*DATA PROVIDED*:
--------------------

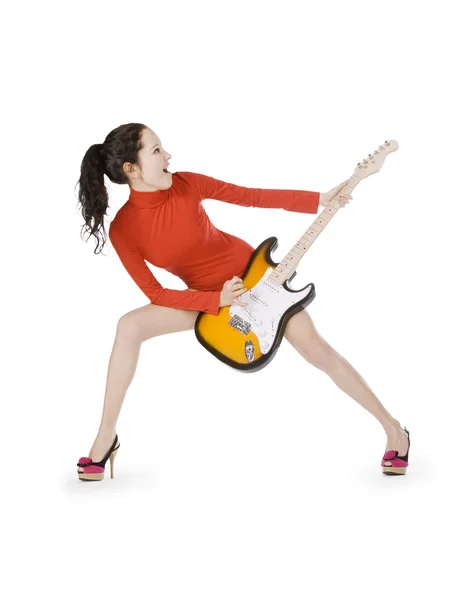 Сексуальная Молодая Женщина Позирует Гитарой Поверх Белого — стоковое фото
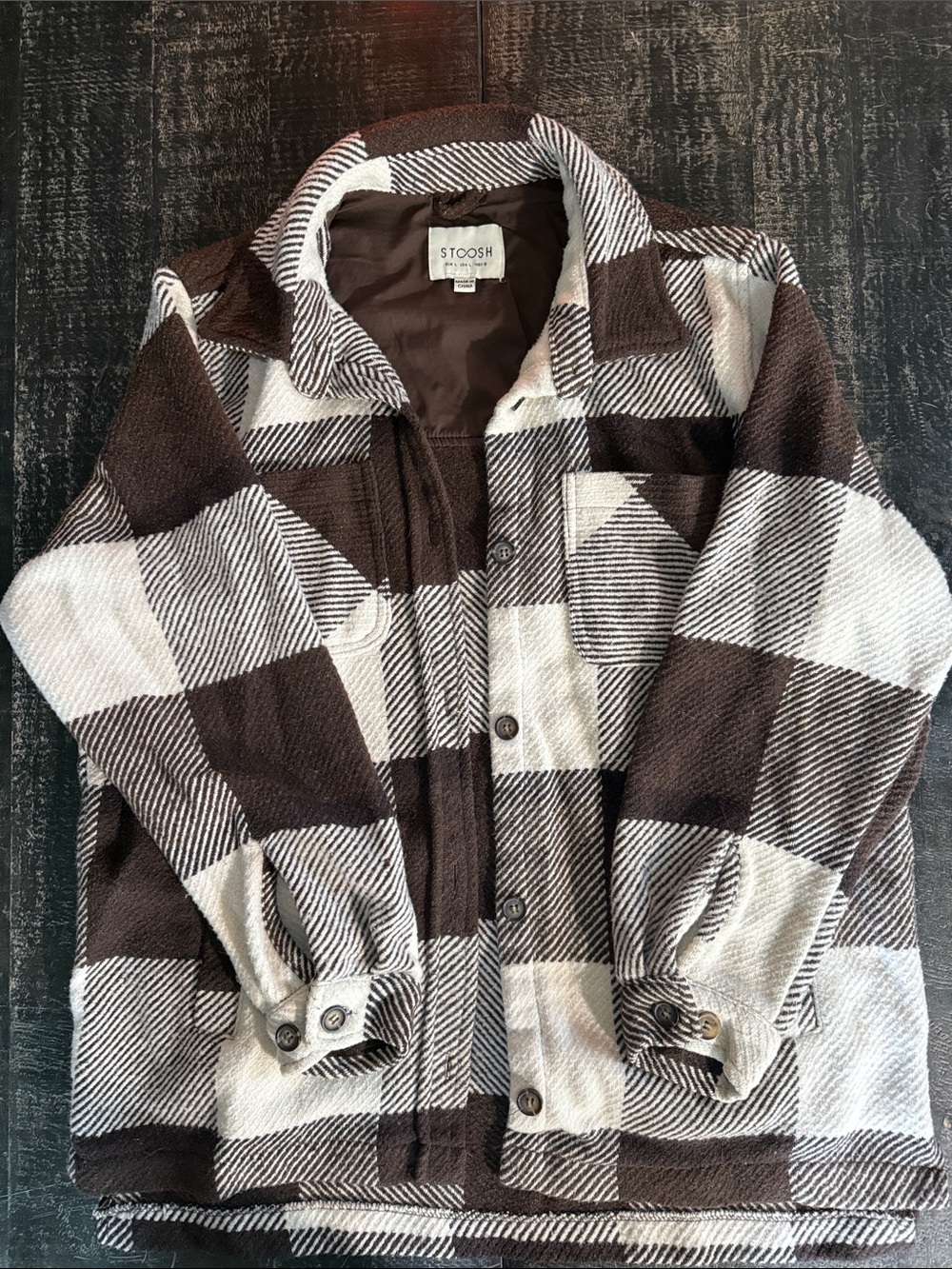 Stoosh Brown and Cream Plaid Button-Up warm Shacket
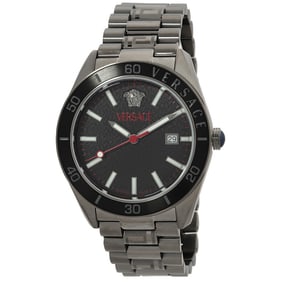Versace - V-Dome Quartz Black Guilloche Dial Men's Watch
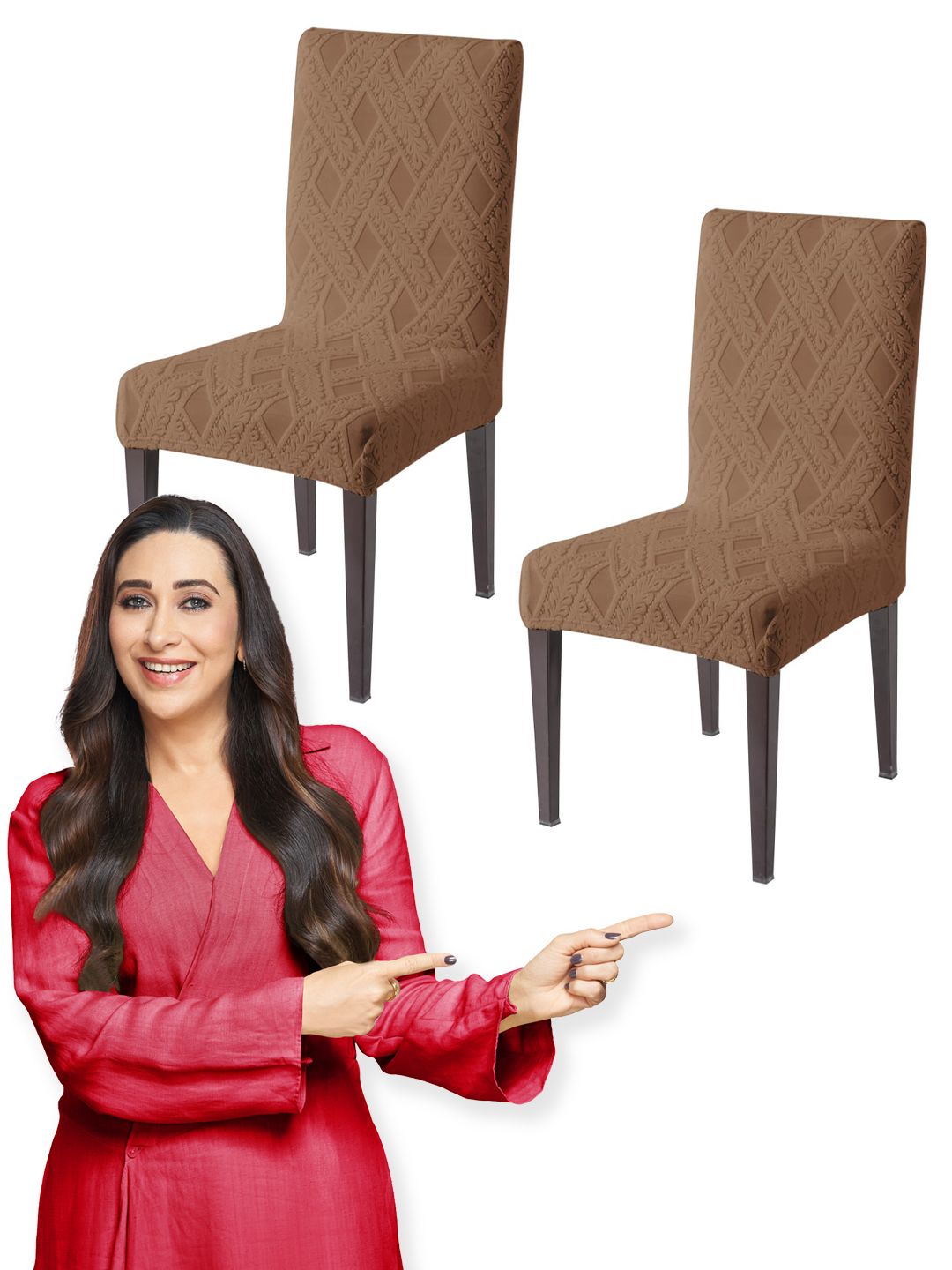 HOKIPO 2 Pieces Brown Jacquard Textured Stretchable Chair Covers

--------------------

*WORK TASK*:
Skipping any images, write out all the data exactly.

*SOLVED PROBLEM*:
 Сексуальная Молодая Женщина Позирует Гитарой Поверх Белого — стоковое фото
 Stoosh Brown and Cream Plaid Button-Up warm Shacket
Versace - V-Dome Quartz Black Guilloche Dial Men's Watch
 HOKIPO 2 Pieces Brown Jacquard Textured Stretchable Chair Covers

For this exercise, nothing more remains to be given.